Information provided:
▬▬▬▬▬▬
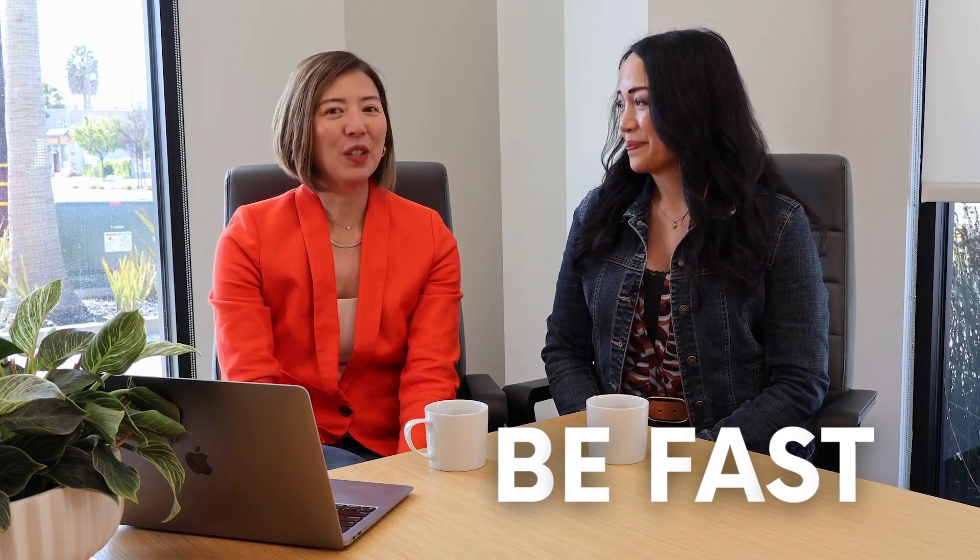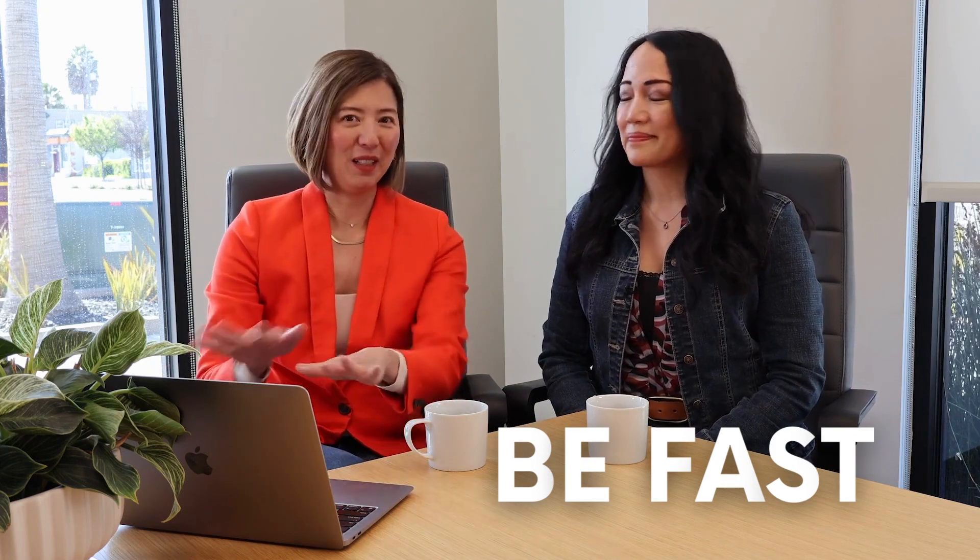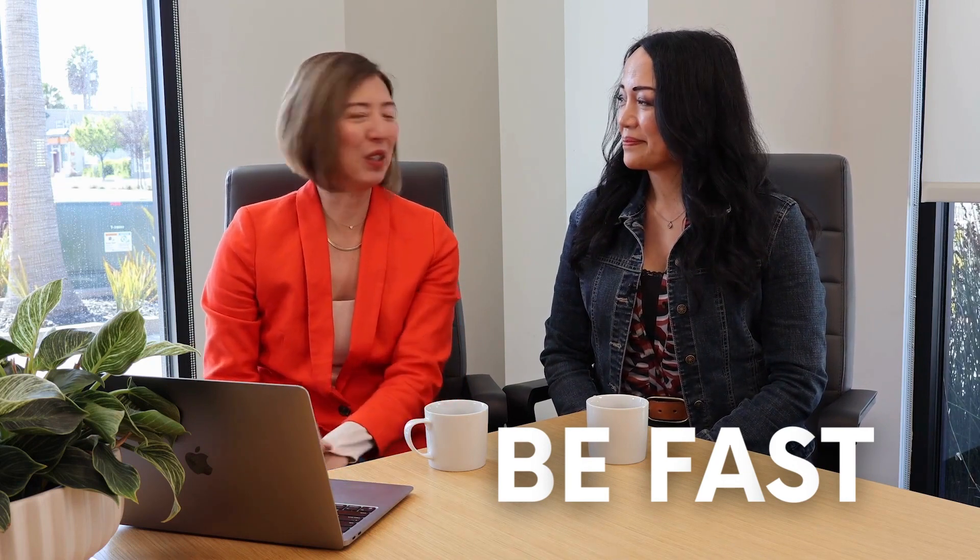Be Fast. Eileen and I are going to talk about the symptoms described in this acronym. The first letter is B — what does B stand for? So this happened to me. B is for balance. If you are feeling a loss of balance, a headache, or something where you're not walking normally, that would be B.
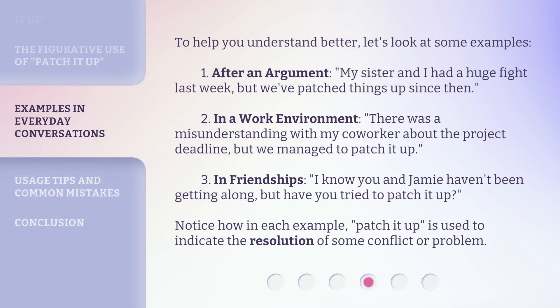To help you understand better, let's look at some examples. First, after an argument: 'My sister and I had a huge fight last week, but we've patched things up since then.' Second, in a work environment: 'There was a misunderstanding with my co-worker about the project deadline, but we managed to patch it up.' Third, in friendships: 'I know you and Jamie haven't been getting along, but have you tried to patch it up?' Notice how in each example, 'patch it up' is used to indicate the resolution of some conflict or problem.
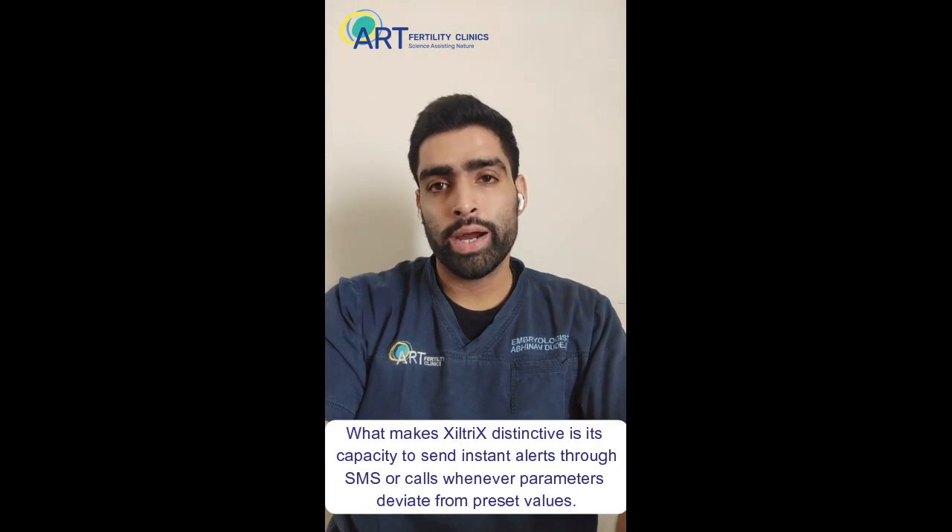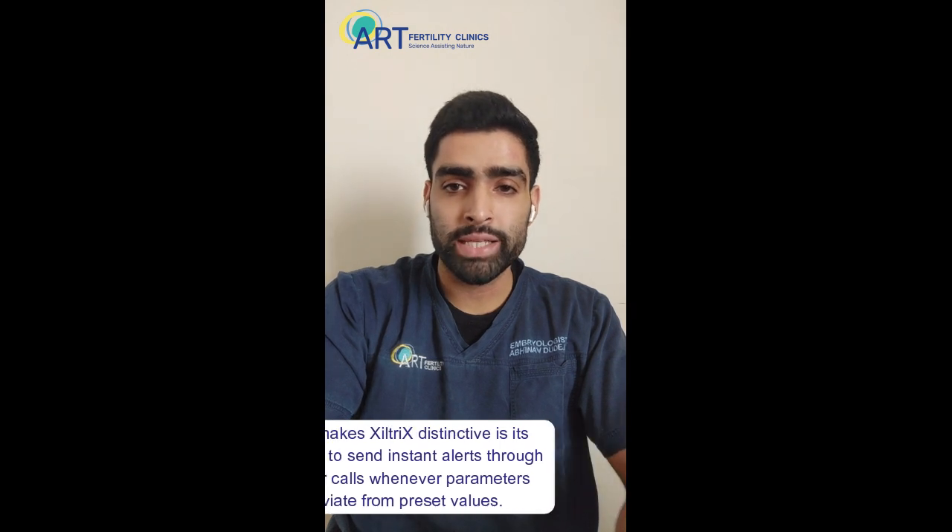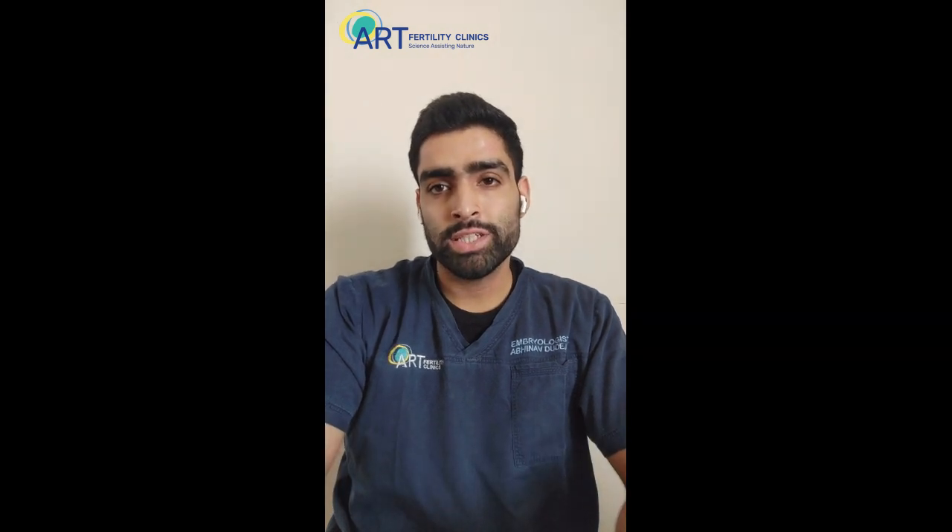What truly sets Ziltrix apart is its ability to provide immediate alerts via SMS or call. These alerts are triggered whenever parameters deviate from the preset values. This vigilance allows us as embryologists to intervene swiftly in the event of an anomaly, preventing potential complications and ensuring the utmost patient care.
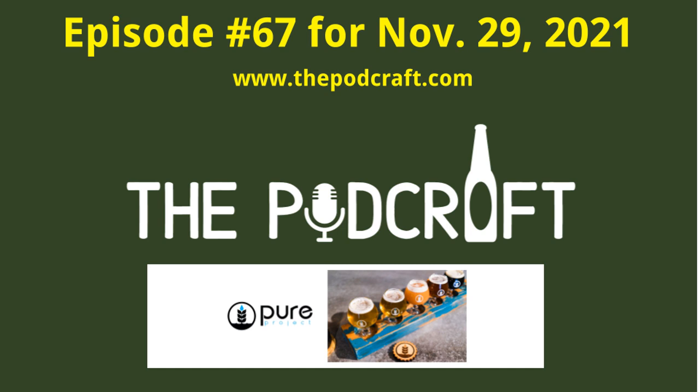This is episode 67 of the Pod Craft Beer Show for Monday, November 29th, 2021. Today's show: Chris, Charlie, Josh, and Steve deep dive into four craft beers from Pure Project — a hazy IPA, a wild ale, a fruited sour, and an imperial stout. I'm your host Chris, we got your other host Charlie, tech guy Steve, and special guest host Josh, who is over cleaning out my tap lines.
▬▬▬▬▬▬
What is needed: Once the line with "To help you" is found above, print it and every line after it through the line with "What truly sets", exactly. Pictures stay out.

Response below:
To help you understand better, let's look at some examples. First, after an argument: 'My sister and I had a huge fight last week, but we've patched things up since then.' Second, in a work environment: 'There was a misunderstanding with my co-worker about the project deadline, but we managed to patch it up.' Third, in friendships: 'I know you and Jamie haven't been getting along, but have you tried to patch it up?' Notice how in each example, 'patch it up' is used to indicate the resolution of some conflict or problem.
What truly sets Ziltrix apart is its ability to provide immediate alerts via SMS or call. These alerts are triggered whenever parameters deviate from the preset values. This vigilance allows us as embryologists to intervene swiftly in the event of an anomaly, preventing potential complications and ensuring the utmost patient care.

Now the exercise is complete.